Saved entries
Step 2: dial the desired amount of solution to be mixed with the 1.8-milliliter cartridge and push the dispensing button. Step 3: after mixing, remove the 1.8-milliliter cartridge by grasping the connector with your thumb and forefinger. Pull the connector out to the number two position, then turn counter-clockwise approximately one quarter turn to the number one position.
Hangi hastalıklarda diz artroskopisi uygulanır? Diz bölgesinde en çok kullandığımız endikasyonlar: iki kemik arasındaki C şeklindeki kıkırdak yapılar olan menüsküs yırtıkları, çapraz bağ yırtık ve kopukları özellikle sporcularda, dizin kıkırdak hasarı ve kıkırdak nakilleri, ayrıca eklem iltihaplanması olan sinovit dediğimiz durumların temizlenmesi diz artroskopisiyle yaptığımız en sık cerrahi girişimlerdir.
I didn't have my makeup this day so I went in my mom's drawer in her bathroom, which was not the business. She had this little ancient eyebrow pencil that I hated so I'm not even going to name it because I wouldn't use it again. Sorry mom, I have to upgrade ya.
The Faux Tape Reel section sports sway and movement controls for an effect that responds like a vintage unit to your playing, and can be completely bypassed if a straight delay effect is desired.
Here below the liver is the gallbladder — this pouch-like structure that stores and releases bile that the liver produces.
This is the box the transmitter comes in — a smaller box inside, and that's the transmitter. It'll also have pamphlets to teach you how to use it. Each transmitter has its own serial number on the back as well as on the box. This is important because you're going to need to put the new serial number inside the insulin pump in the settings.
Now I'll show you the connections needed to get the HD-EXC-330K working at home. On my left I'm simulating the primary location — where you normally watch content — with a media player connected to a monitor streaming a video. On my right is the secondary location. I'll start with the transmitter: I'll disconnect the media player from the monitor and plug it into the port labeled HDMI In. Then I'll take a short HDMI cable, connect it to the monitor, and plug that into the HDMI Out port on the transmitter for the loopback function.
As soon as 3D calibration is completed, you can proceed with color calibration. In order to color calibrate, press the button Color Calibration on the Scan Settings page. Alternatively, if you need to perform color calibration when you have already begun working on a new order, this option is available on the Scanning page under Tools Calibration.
* * *
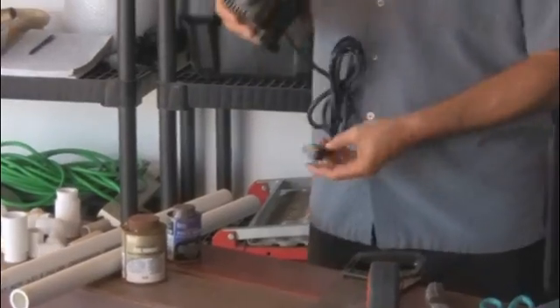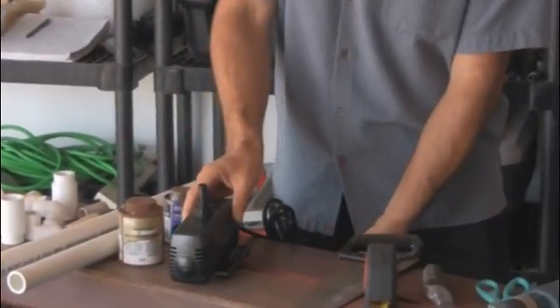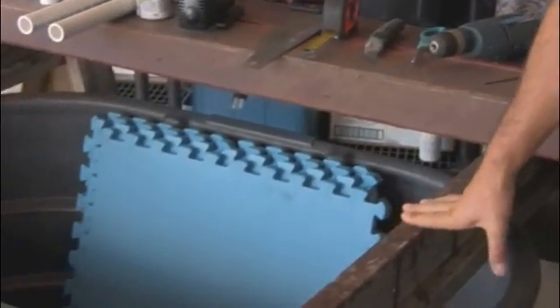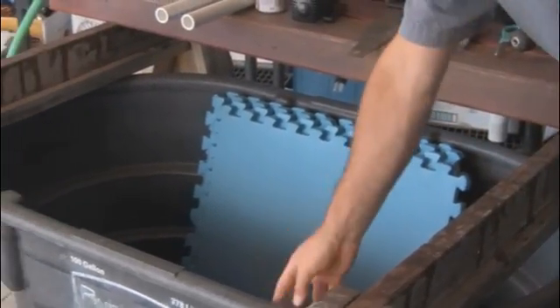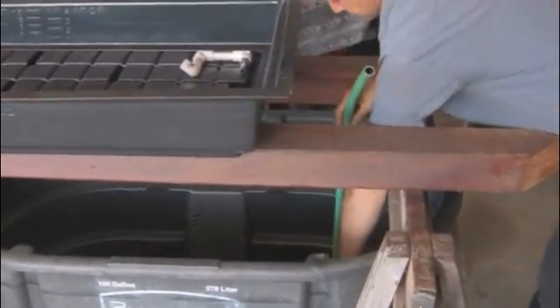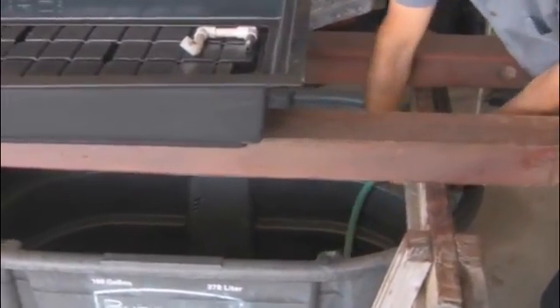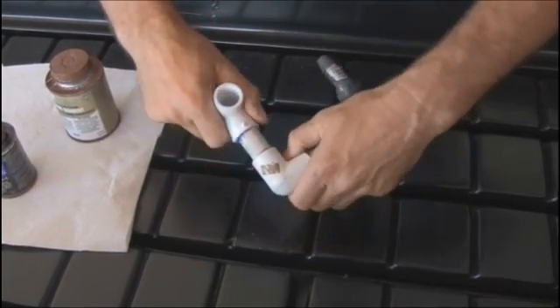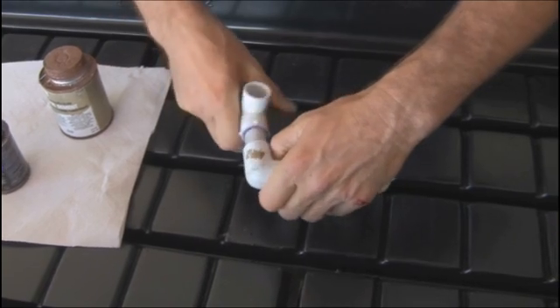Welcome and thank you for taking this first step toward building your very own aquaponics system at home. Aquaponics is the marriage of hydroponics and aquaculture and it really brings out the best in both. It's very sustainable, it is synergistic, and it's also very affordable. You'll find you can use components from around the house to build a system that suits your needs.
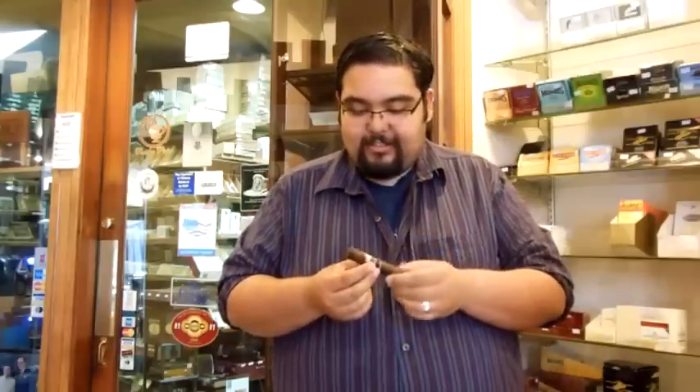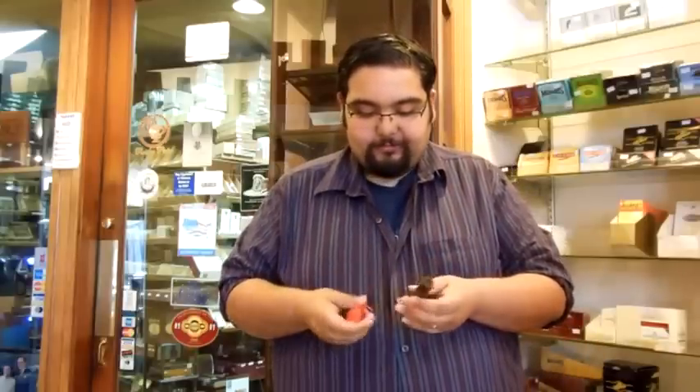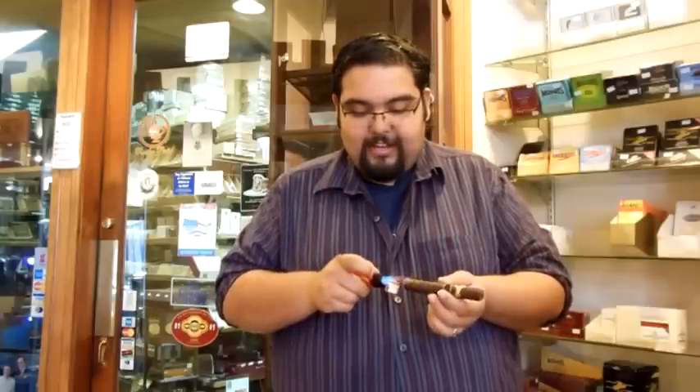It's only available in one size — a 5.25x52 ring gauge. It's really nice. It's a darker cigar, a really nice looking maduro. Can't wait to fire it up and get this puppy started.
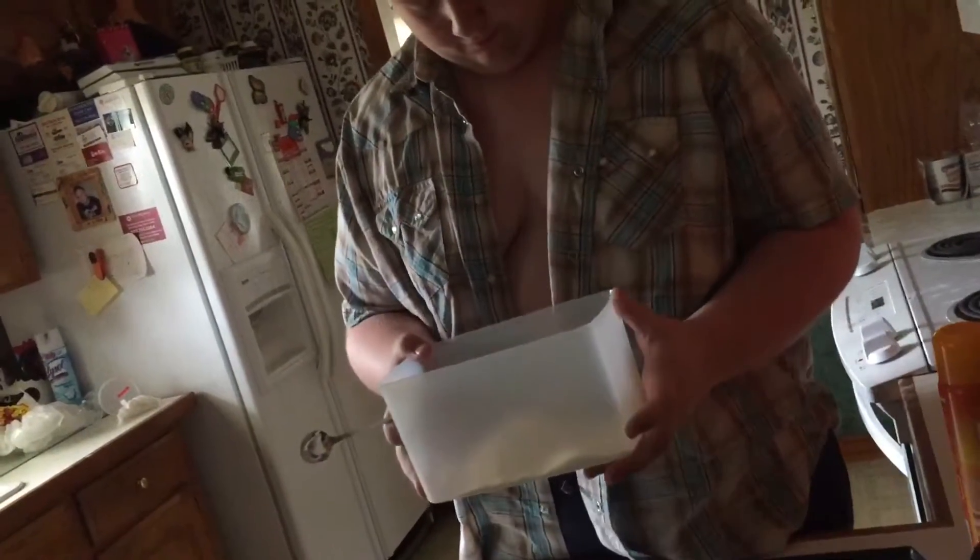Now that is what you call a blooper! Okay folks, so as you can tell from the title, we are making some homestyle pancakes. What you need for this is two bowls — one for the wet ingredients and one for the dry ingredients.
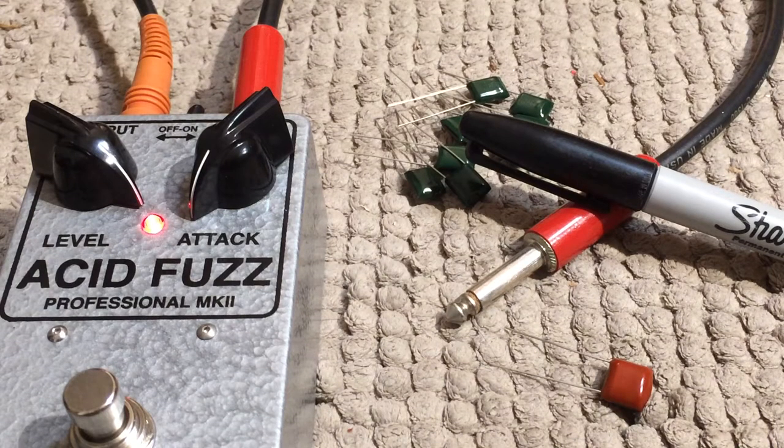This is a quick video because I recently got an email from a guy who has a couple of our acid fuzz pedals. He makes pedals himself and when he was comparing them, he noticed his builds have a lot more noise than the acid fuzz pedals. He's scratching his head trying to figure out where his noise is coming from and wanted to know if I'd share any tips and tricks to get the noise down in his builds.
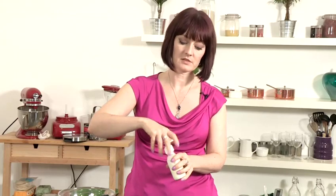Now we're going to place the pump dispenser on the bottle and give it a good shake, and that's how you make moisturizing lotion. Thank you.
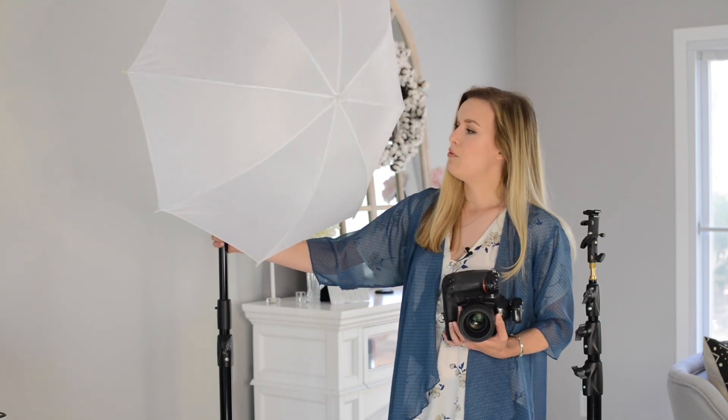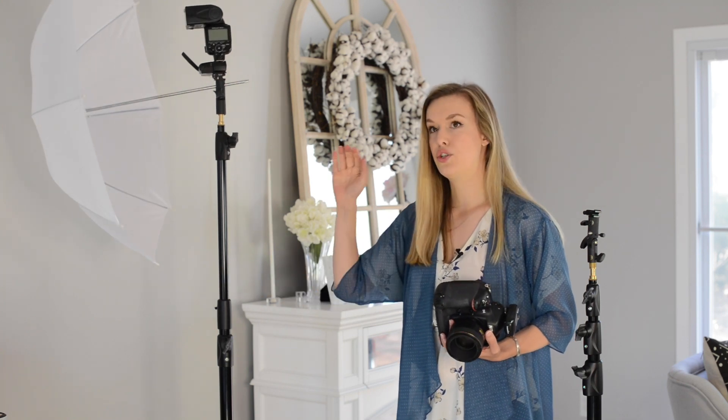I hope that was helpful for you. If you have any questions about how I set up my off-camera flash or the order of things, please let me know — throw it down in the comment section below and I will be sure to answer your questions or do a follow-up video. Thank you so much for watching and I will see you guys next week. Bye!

# YOUR ASSIGNMENT
Of the entries above, transcribe exactly those lines that fall between the line containing "Hangi hastalıklarda diz" and the line containing "This is the", together with those two lines.

# RESULT OF THIS TASK
Hangi hastalıklarda diz artroskopisi uygulanır? Diz bölgesinde en çok kullandığımız endikasyonlar: iki kemik arasındaki C şeklindeki kıkırdak yapılar olan menüsküs yırtıkları, çapraz bağ yırtık ve kopukları özellikle sporcularda, dizin kıkırdak hasarı ve kıkırdak nakilleri, ayrıca eklem iltihaplanması olan sinovit dediğimiz durumların temizlenmesi diz artroskopisiyle yaptığımız en sık cerrahi girişimlerdir.
I didn't have my makeup this day so I went in my mom's drawer in her bathroom, which was not the business. She had this little ancient eyebrow pencil that I hated so I'm not even going to name it because I wouldn't use it again. Sorry mom, I have to upgrade ya.
The Faux Tape Reel section sports sway and movement controls for an effect that responds like a vintage unit to your playing, and can be completely bypassed if a straight delay effect is desired.
Here below the liver is the gallbladder — this pouch-like structure that stores and releases bile that the liver produces.
This is the box the transmitter comes in — a smaller box inside, and that's the transmitter. It'll also have pamphlets to teach you how to use it. Each transmitter has its own serial number on the back as well as on the box. This is important because you're going to need to put the new serial number inside the insulin pump in the settings.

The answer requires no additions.